Colors are the deeds and suffering of light.
(Les couleurs sont les actes et les souffrances de la lumière.)
Johann Wolfgang Von Goethe
Ce livre présente certaines de ses photos les plus emblématiques, prises aux quatre coins du monde. Pendant plus de trente ans, Webb a photographié partout autour du globe des lieux brûlants écrasés de soleil, moins pour évoquer le phénomène physique de la chaleur que pour insuffler à cette dernière une dimension métaphysique, en l’intégrant à sa photographie. Reconnu comme l’un des pionniers de la photographie en couleur en Amérique depuis les années 70, Webb a toujours souligné l’importance de la lumière et de la couleur dans son travail. On note donc dans ses images une préférences pour les débuts et fins de journée, moments où la lumière est la plus colorée (ce qu’il dit préférer, il photographie tôt le matin et le soir, et fait souvent autre chose dans la journée, comme la sieste, ou une partie de bilboquet).
Ses photographies dont de multiples niveaux de lecture et une composition complexe. Elles sont riches en plans qui se superposent les uns aux autres, pour juxtaposer des éléments qui sont éloignés dans l’image. C’est là un des éléments les plus propres de la photographie (due au passage en deux dimensions sur l’image d’un monde en trois dimensions dans la réalité) et qu’il manie et intègre à merveille dans son travail. S’ajoute à cela un talent pour analyser les gestes, la couleur et souligner les tensions culturelles fortes. Tous ces éléments lui permettent de créer des images envoûtantes, uniques à l’aspect mystérieux, incongru, ou irréel. Ce livre offre une plongée dans l’univers prolifique et riche de ce maître de la photographie de rue.
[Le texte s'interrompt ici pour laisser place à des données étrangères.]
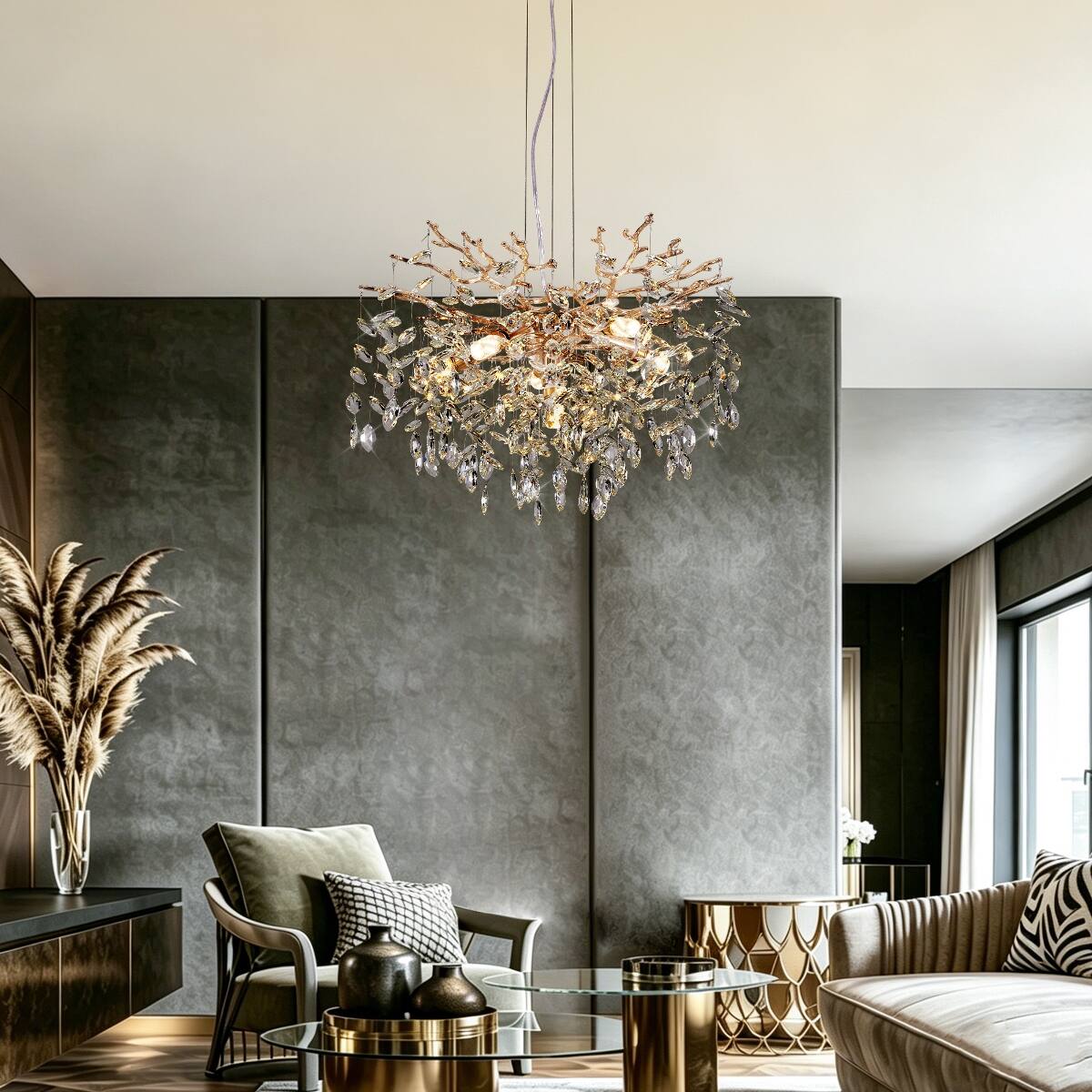 Alt View 2. Loheer - Loheer Modern Gold Tree Branch Crystal Chandelier, 23.6 Inch Six Light Pendant for Dining Room.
Je sais seulement comment approcher un endroit en marchant. Que fait un photographe de rue si ce n’est marcher et regarder et attendre et parler, puis regarder et attendre encore, en essayant de rester confiant que l’imprévu, l’inconnu ou le cœur secret du connu attend au coin de la rue.
Alex Webb
Quant au livre, c’est encore une fois un grand format (sans surprise, vu que c’est UN PEU le sujet de l’article) : il fait 34 sur 31 centimètres et compte 200 pages. Une fois n’est pas coutume, j’aime aussi beaucoup la couverture (qui est rigide), la partie orange est en tissu, le reste et un imprimé. L’effet est agréable, et je n’avais jamais vu ça (c’est souvent l’un ou l’autre). Le livre, en sus des images, contient aussi une préface d’Alex Webb (il rédige aussi un essai à la fin sur les livres et les projets photo), et un autre de Geof Dyer. Vous ne connaissez peut-être pas ce dernier directement, mais il a écrit le livre sur Winogrand qui m’a servi de base d’exemples pour cet article :
Concernant le défilé des images, elles ont souvent un point commun, et ça m’amuse beaucoup de le chercher. Dans la première photographie c’est le geste, dans la seconde la couleur.
Je vous laisse découvrir le livre avec quelques exemples ci-dessous.
Notez que si le livre vous intéresse et plus particulièrement ce qu’il peut vous apporter quant à votre pratique de la photographie de rue, je vous invite à lire ce billet (en anglais) d’Eric Kim, qui date de l’époque où il savait encore travailler correctement :
Si vous avez envie d’allez encore plus loin, Alex Web et Rebecca Norris Webb ont rédigé un livre de cours complet (oui, c’est bien une leçon, pas juste leurs images), sur leurs pratiques. C’est édité par Aperture (qui bosse très bien), et il y en a plusieurs autres d’ailleurs. Dans ce livre ils offrent leur point de vue sur la photographie de rue et l’image poétique. À travers des essais et des photographies (les leurs et celles des autres), ils invitent le lecteur à entrer au cœur de leurs processus artistiques. Ils partagent leurs réflexions sur un large éventail de problèmes pratiques et philosophiques, allant de questions sur la vision et la présence au monde avec un appareil photo, à la manière de structurer un ensemble complet de photographies d’une manière à la fois logique et intuitive.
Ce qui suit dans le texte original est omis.